丸山眞男を「音楽」がときほぐす

 安仁さんこと、故安東仁兵衛さんが随所に登場するからということで、中野雄『丸山眞男 人生の対話』を市川雄一党常任顧問から薦められた。安仁さんはかつて公明党機関紙局編『日本共産党批判』を絶賛してやまず、市川さんとは親交があったと聞く。「時代と周りに人を得ていたら『昭和の坂本竜馬』の役割を果たしたかもしれない一代の快人物」だとの中野評は衆目の一致するところ。

 あまたいる丸山眞男の門下生のなかで、安仁さんと中野さんは共に異色。「東大学生運動の輝ける元闘士」と日本開発銀行の幹部を経ての音楽プロデューサー。中野さんは前作『丸山眞男 音楽の対話』を通じて、丸山と音楽の関係を世に知らしめた。恥ずかしながら、殆どそれを知らなかった私としては、この二作は、難解な丸山眞男の思想と人物を身近に感じるこよなき手引き書となった。

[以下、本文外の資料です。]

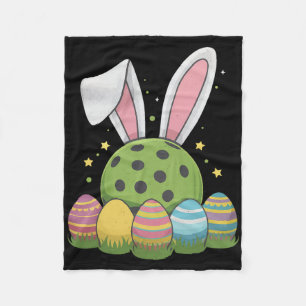 Pickleball Easter Fleece Blanket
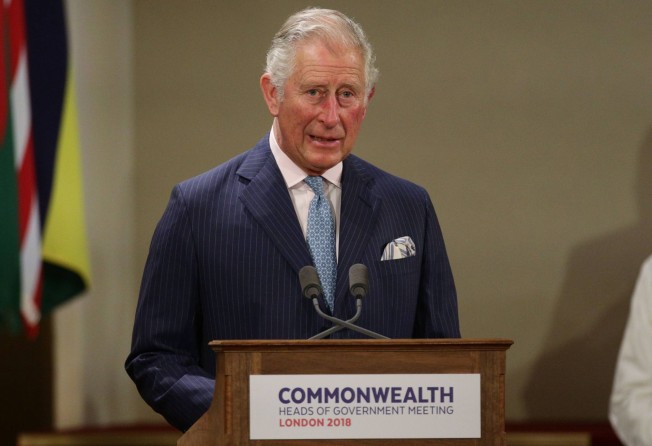 Britain’s King Charles III, then Prince of Wales, speaks at the opening of the Commonwealth heads of government meeting in London on April 19, 2018. Photo: AFP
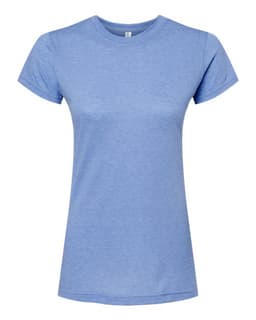 Women's Deluxe Blend T-Shirt in Heather Blue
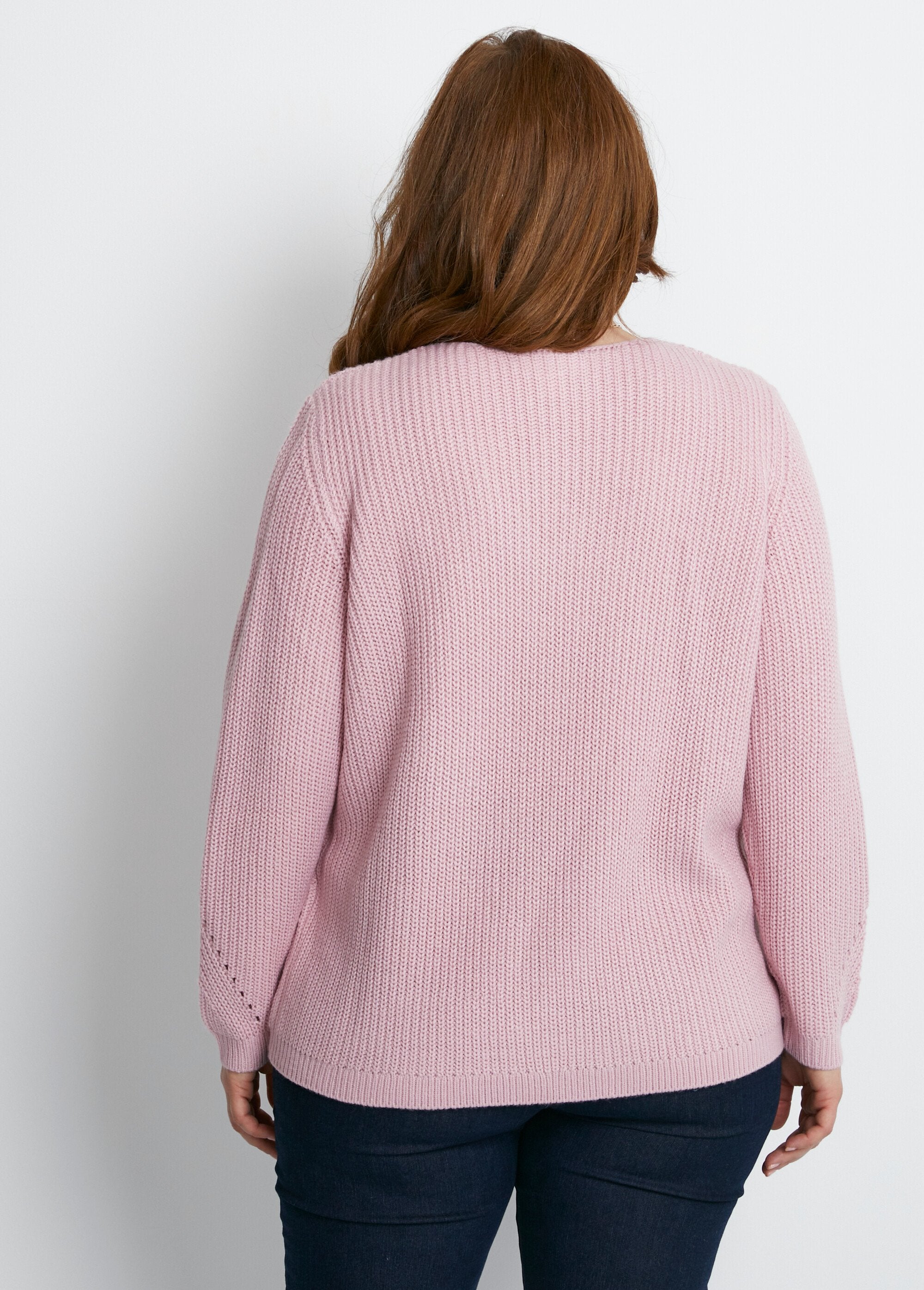 Beaded_and_openwork_V-neck_sweater_Pink_DO1_curvy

 丸山眞男が常日頃どんなことを話していたかが興味深く語られる。「これからは個人が自分の存在理由を自分の力で発見して、自分の力で身に着けなければ生きていけない時代になると思う。組織も大切だけれど組織を離れても他人から頼られ必要とされる“個人”を目指すことである」「教師の最も重要な仕事のひとつは『学校を出てからも、独学でいろんなことを学ぶ習慣を、教え子に身に付けさせることだ』」など彼の考え方が次々と披露される。

 また、半世紀にわたって師事した人らしく、知的生産の技術の盗み方も克明に書かれていて参考になる。情報過多のため、自分を失ってどうしていいか分からなくなったある若者のケースには、身につまされる思いなきにしもあらずだった。